The revelation was published as part of the 12-month insights report put together by the Office of the Australian Information Commissioner, which has compiled an extensive amount of data during the first year of the scheme’s operation.
The report noted malicious or criminal attacks accounting for 60 per cent of all breaches, followed by human error at 35 per cent, with system faults accounting for a mere 5 per cent of data breaches.
Across the legal, accounting and management services sector specifically, a total of one hundred breaches were recorded in the 12-month period from 1 April last year.
Human error accounted for 39 of the individual notifiable breaches, while 59 notifications were caused by malicious or criminal attacks.
Just two were a result of a system fault, it was said.
Health service providers and finance were the two sectors which made the highest number of notifications over the first twelve months of the scheme’s operation, and were the only two sectors with higher rates of data breach notifications than the legal, accounting and management space.
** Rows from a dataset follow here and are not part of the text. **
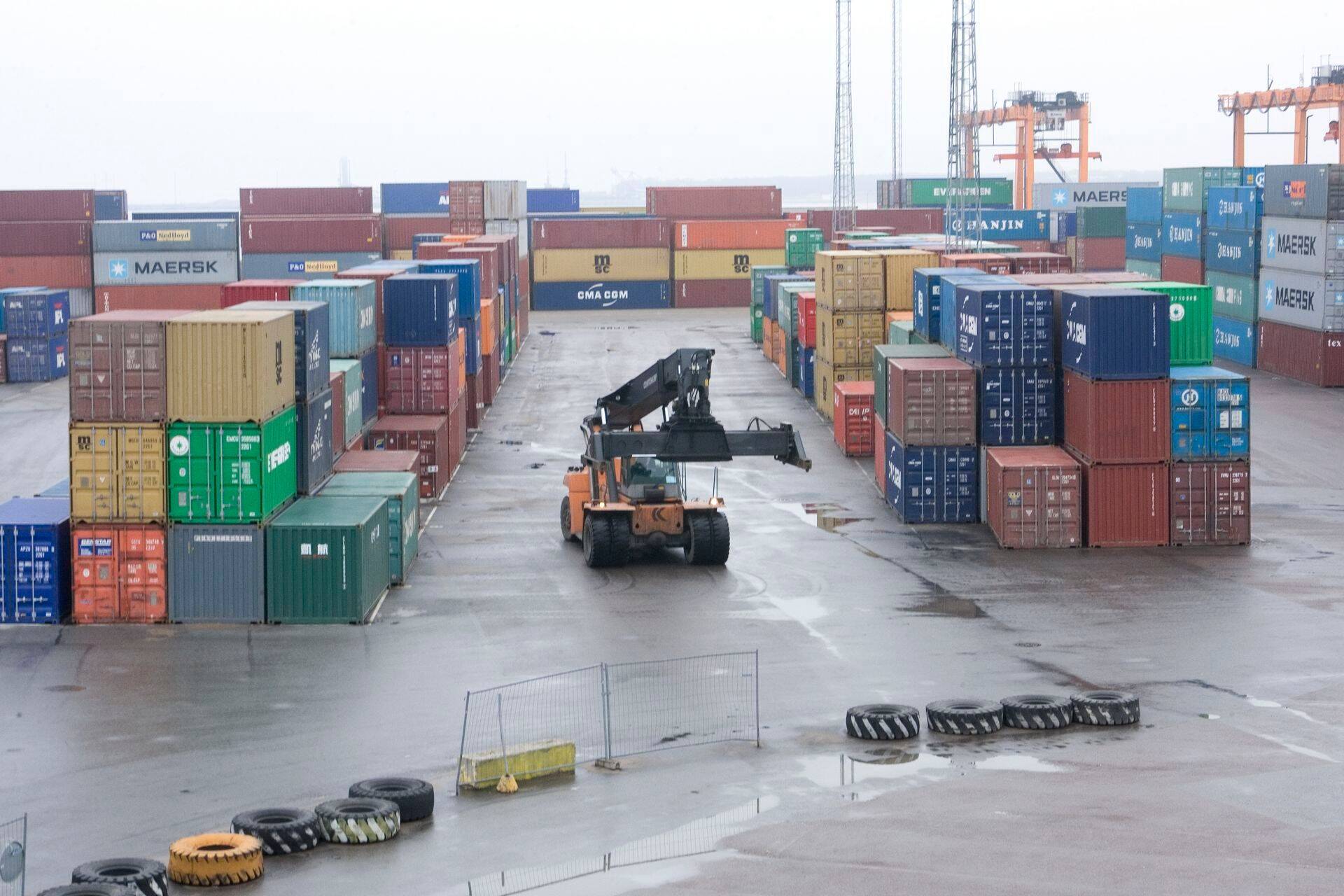 Konteinerite standardiseerimine võimaldas neid sadamates hakata tõstma masinatega.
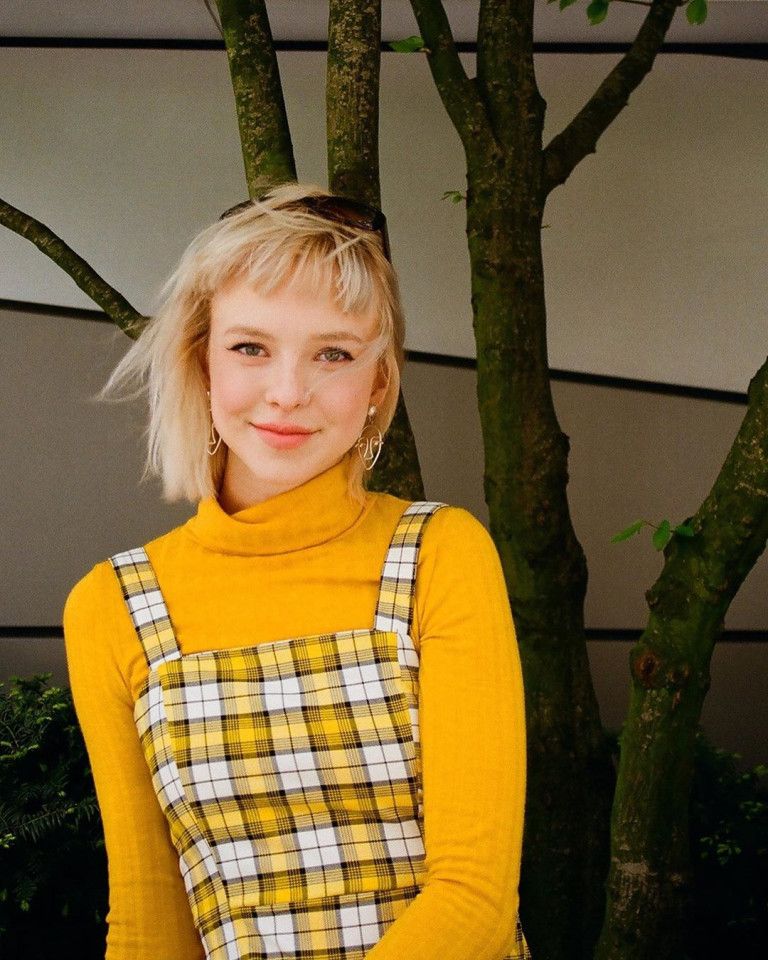 العارضة أثناء تحطيم أنف التمثال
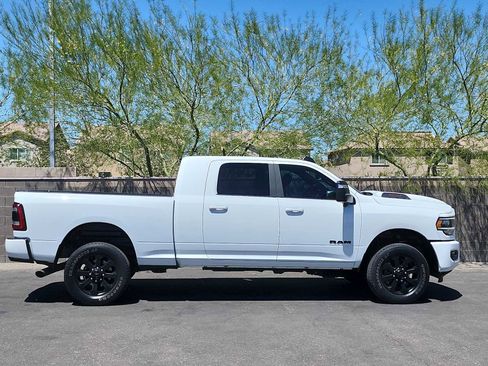 Used 2024 RAM 2500 Laramie w/ Night Edition AWD/4WD image 9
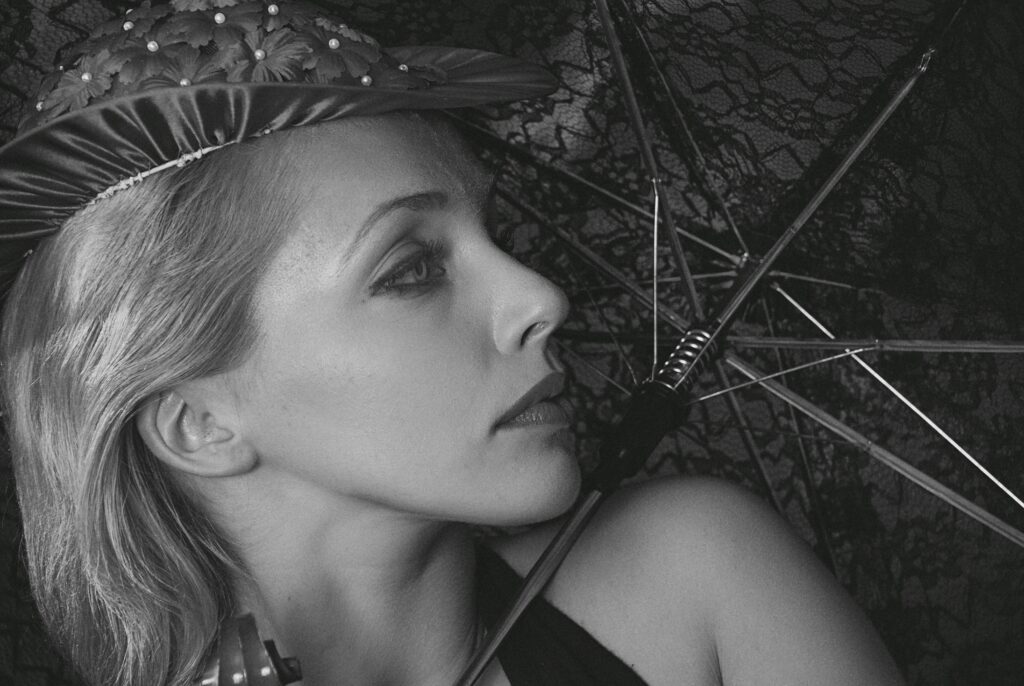 Proč Lady Gaga někdy celé dny nespí a jak to ovlivňuje její zdraví 2 alexander krivitskiy pogbaxx1m9y unsplash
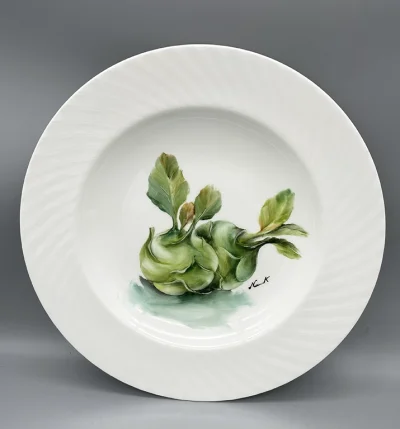 12" round plate with Kohlrabi pattern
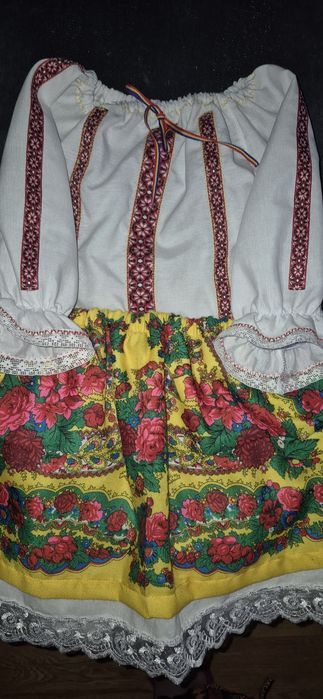 Costum popular fete 3-4 ani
According to the report, the consistent presence of the health and finance sectors at the top of the rankings throughout the year likely reflects the scale of data holdings, volume of processing activities and/or sensitivity of the personal information held by those sectors, as well as those sectors’ higher preparedness to report data breaches.
Finance and health service providers have also been subject to long standing information protection obligations (including duties of confidentiality and strict regulatory frameworks), it was noted, which has likely contributed to relative maturity and preparedness to meet obligations under the NDB scheme by relevant parties.
The report went on to explain that most breaches notified during the period impacted a small number of individuals, with 83 per cent affecting fewer than 1,000 people.
This was attributed to a possible prevalence of poor workplace practices by one employee, resulting in scenarios where dozens of records are breached, rather than high-volume data loss incidents from single system compromise.
“This points to the need for improved data handling practices at operational levels within entities,” it continued.